### [What is required]
Repeat the data verbatim, images excluded.
^^^^^^^^
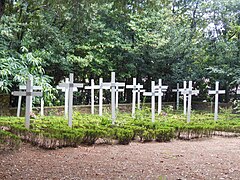 Le cimetière privatif des sœurs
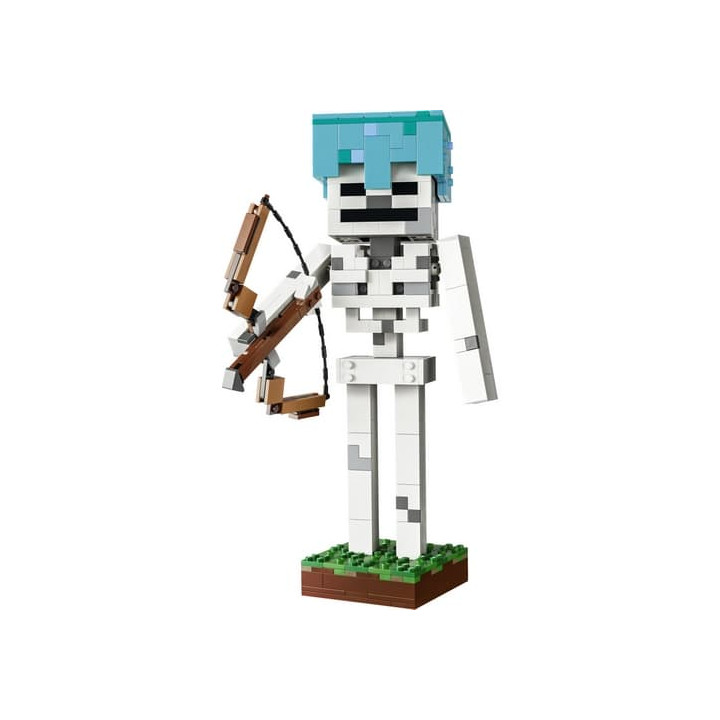 Lego Minecraft 21594 Kostlivec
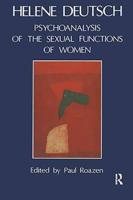 Psychoanalysis of the Sexual Functions of Women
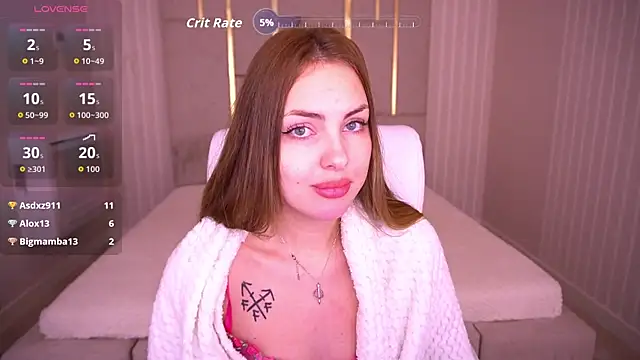 AleksaaJoy online show from November 28, 10:18 am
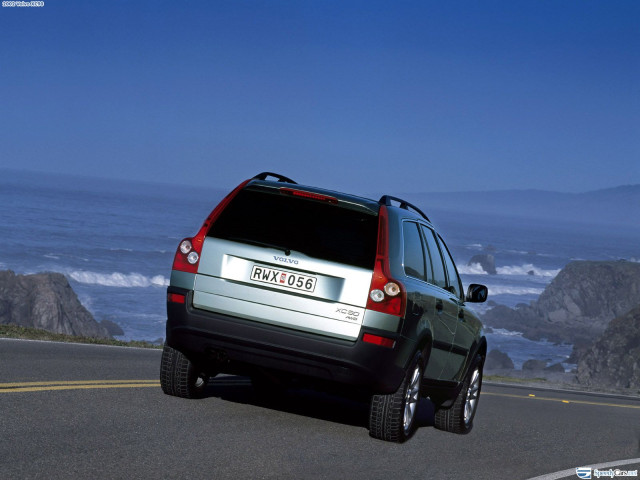 volvo xc90 pic #7378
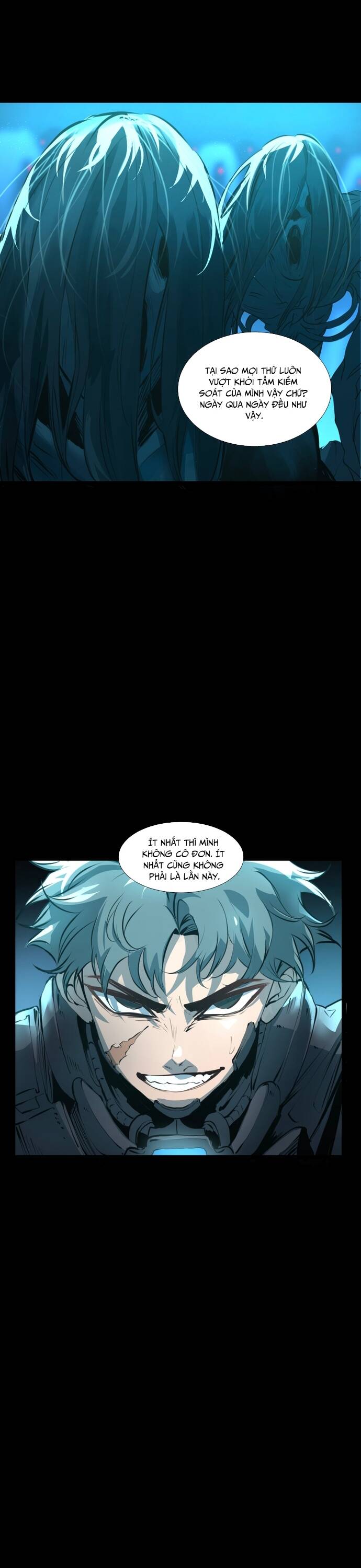 Cột Sống Đỏ Chapter 9 - 3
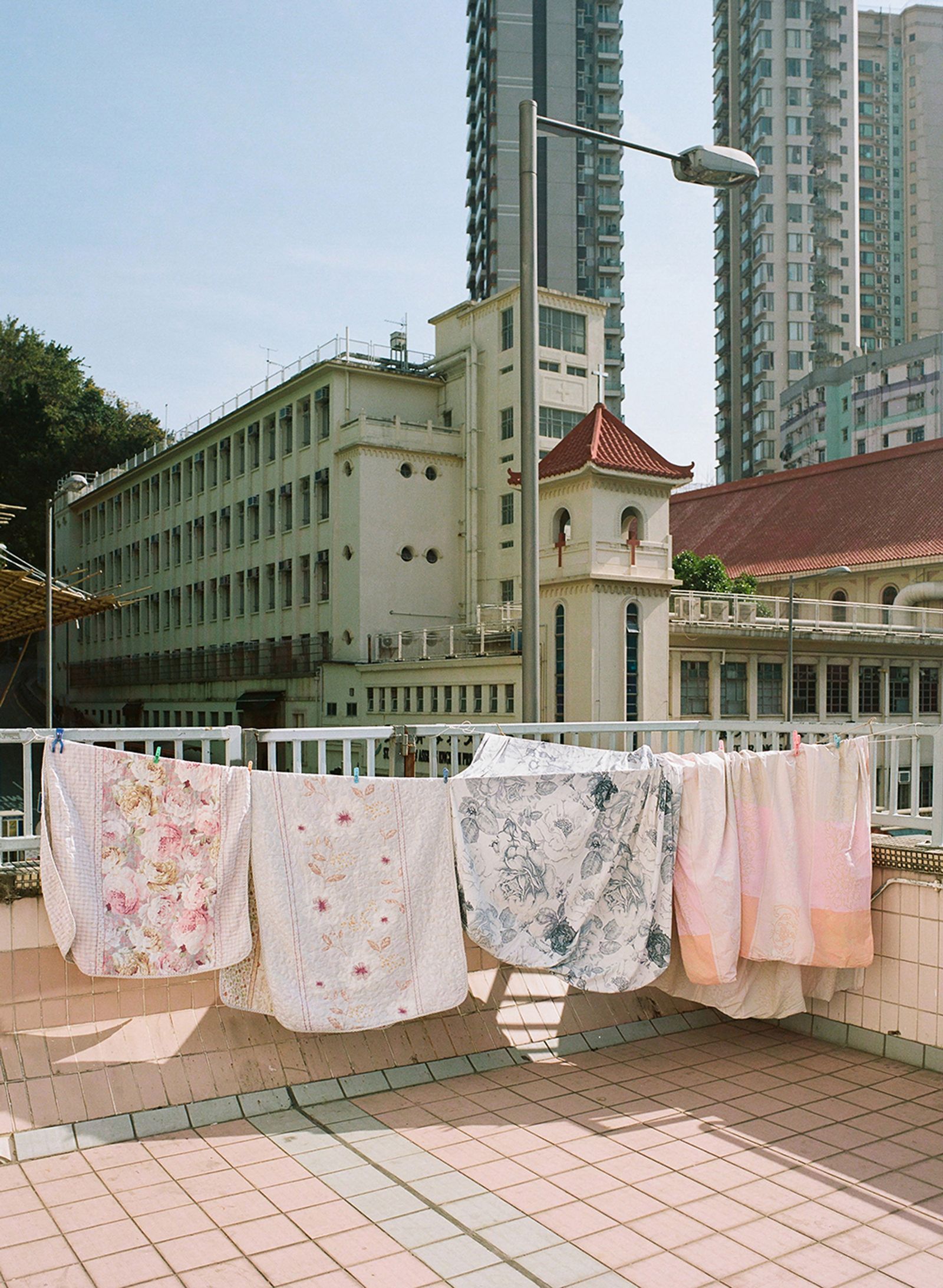 © Jimmi Wing Ka Ho - Image from the Laundry Art photography project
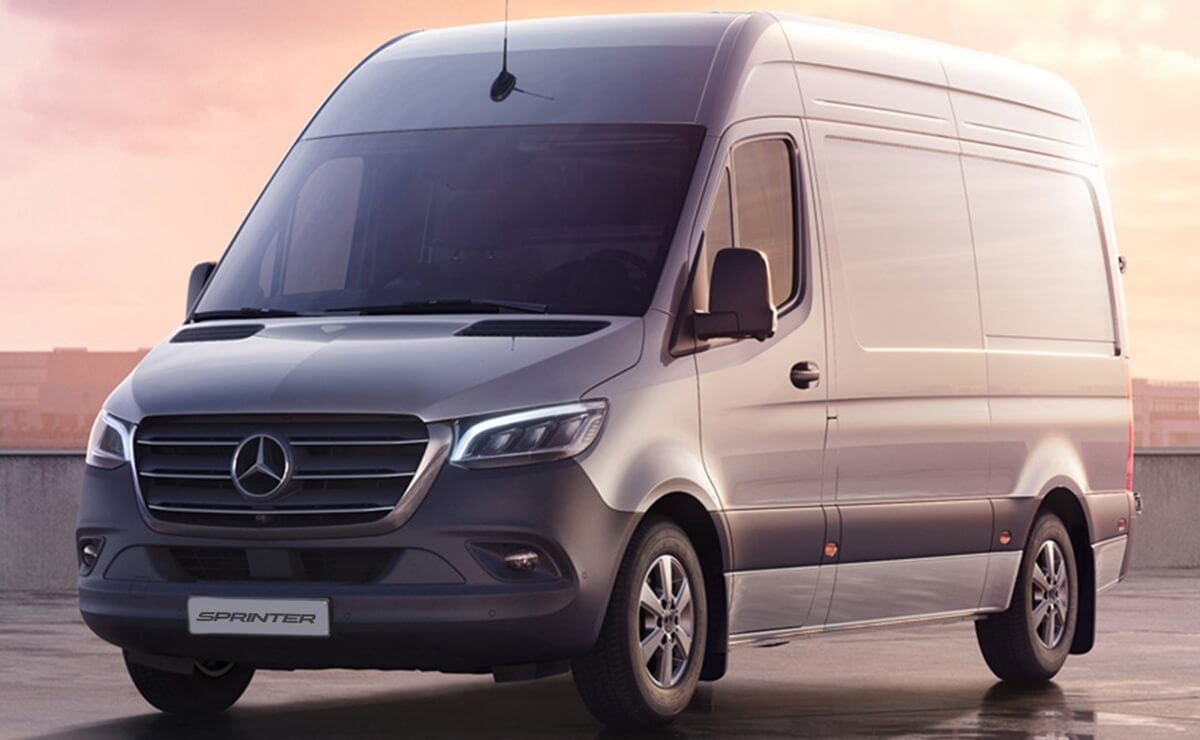 Sprinter volvió a liderar el mercado de utilitarios en 2025 3 Sprinter utilitario mas exportado a la region
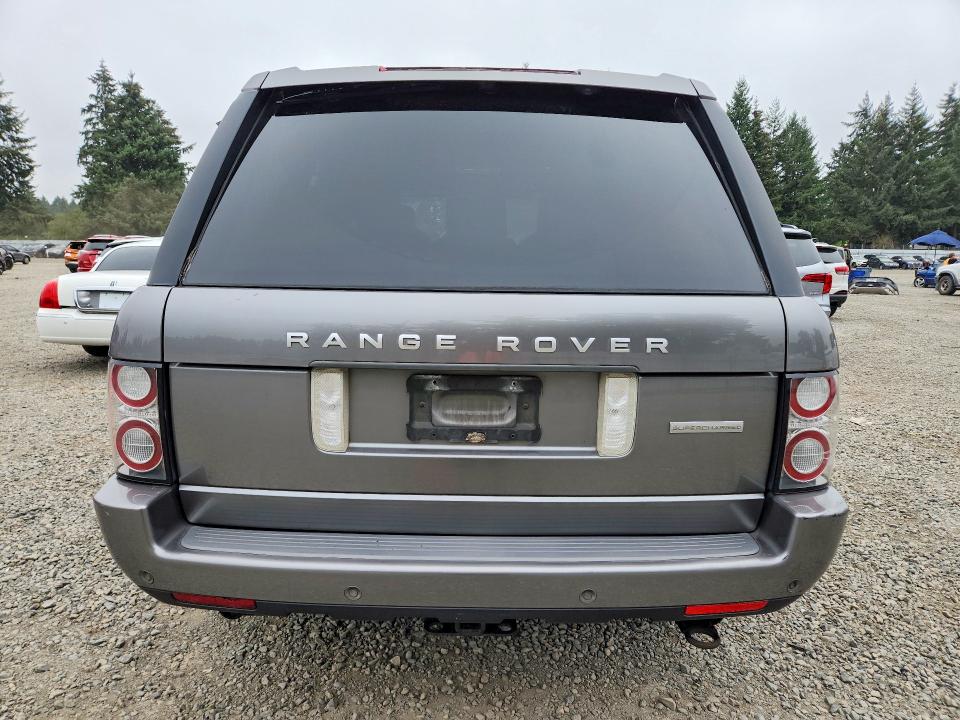 69931516 :رقم المزاد ، SALMF1E40AA323776 vin ، 2010 Land Rover Range Rover مزاد بيع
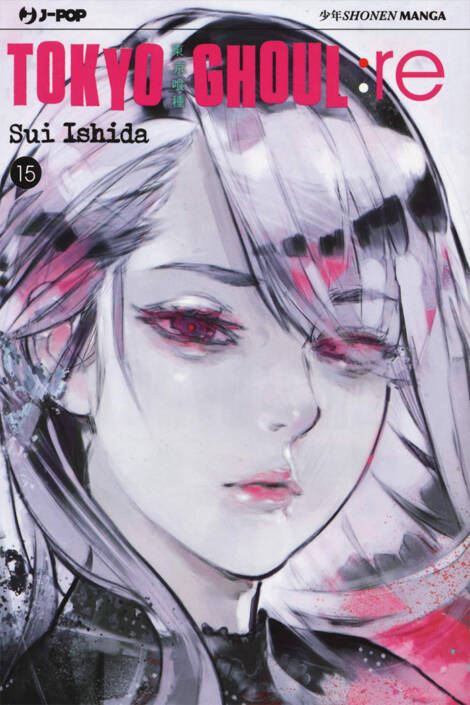 Tokyo Ghoul:re 15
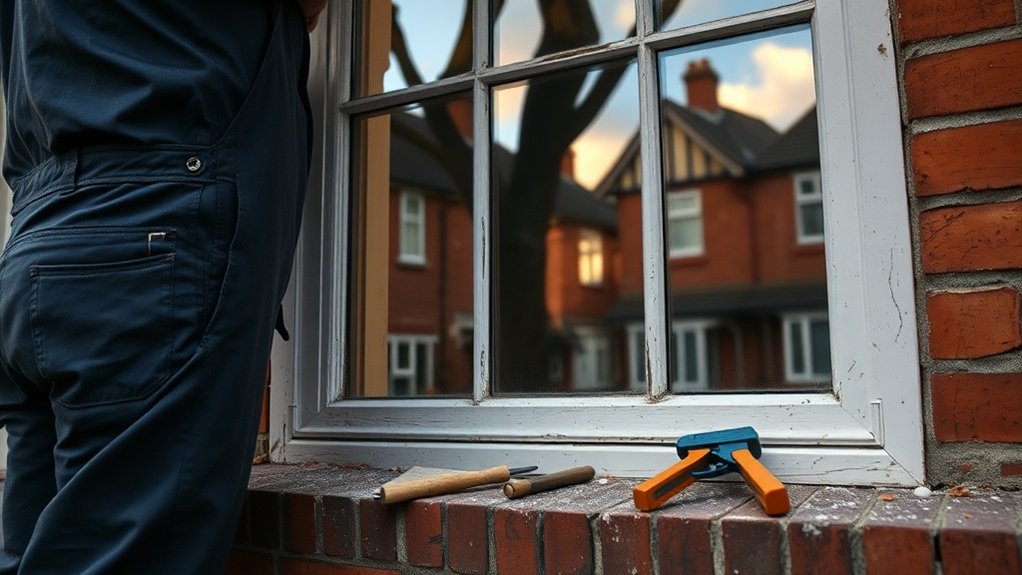 Window Repair Drayton
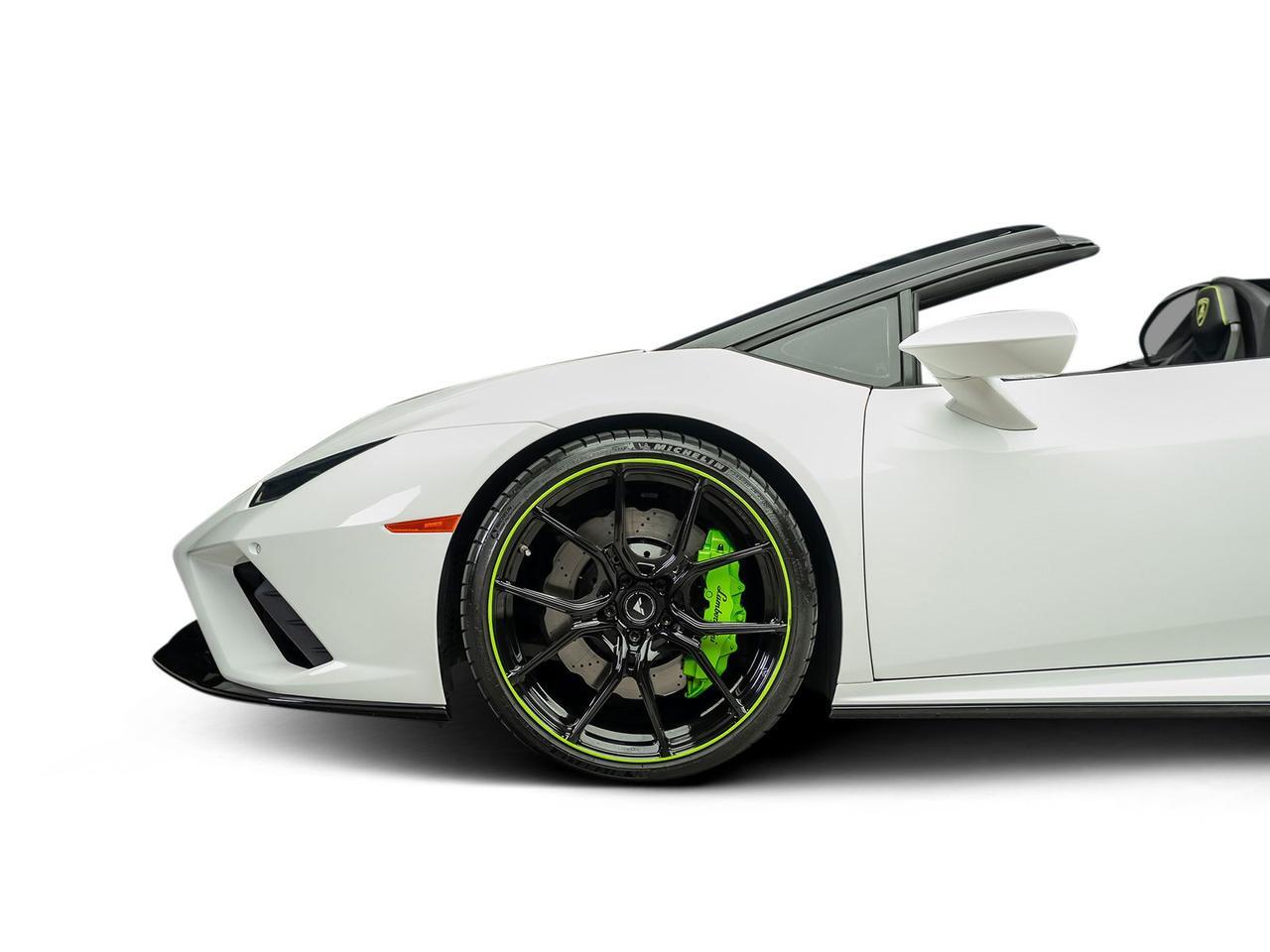 2020 Lamborghini Huracan EVO Base Ft Lauderdale FL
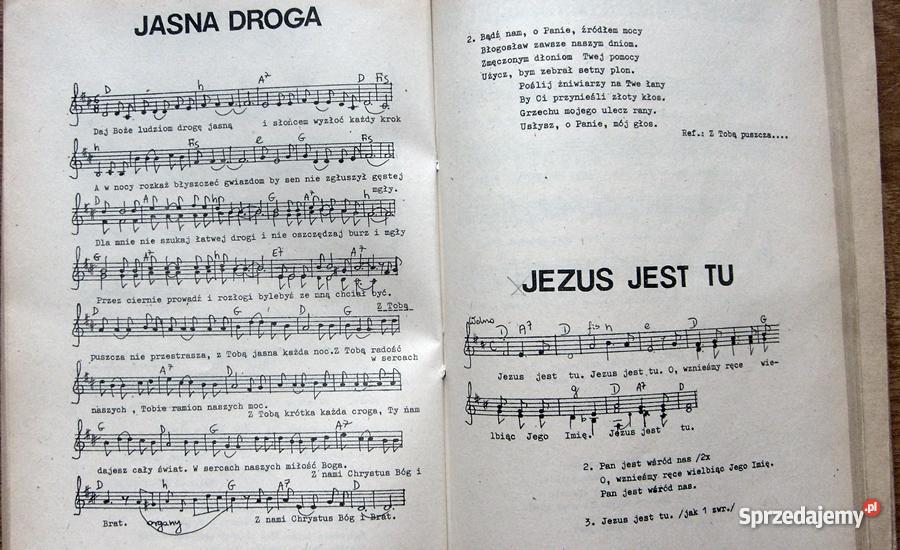 Michael Pieśni religijne ks Karol Dąbrowski Gniezno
^^^^^^^^
### [Output]
 Le cimetière privatif des sœurs
 Lego Minecraft 21594 Kostlivec
 Psychoanalysis of the Sexual Functions of Women
 AleksaaJoy online show from November 28, 10:18 am
 volvo xc90 pic #7378
 Cột Sống Đỏ Chapter 9 - 3
 © Jimmi Wing Ka Ho - Image from the Laundry Art photography project
 Sprinter volvió a liderar el mercado de utilitarios en 2025 3 Sprinter utilitario mas exportado a la region
 69931516 :رقم المزاد ، SALMF1E40AA323776 vin ، 2010 Land Rover Range Rover مزاد بيع
 Tokyo Ghoul:re 15
 Window Repair Drayton
 2020 Lamborghini Huracan EVO Base Ft Lauderdale FL
 Michael Pieśni religijne ks Karol Dąbrowski Gniezno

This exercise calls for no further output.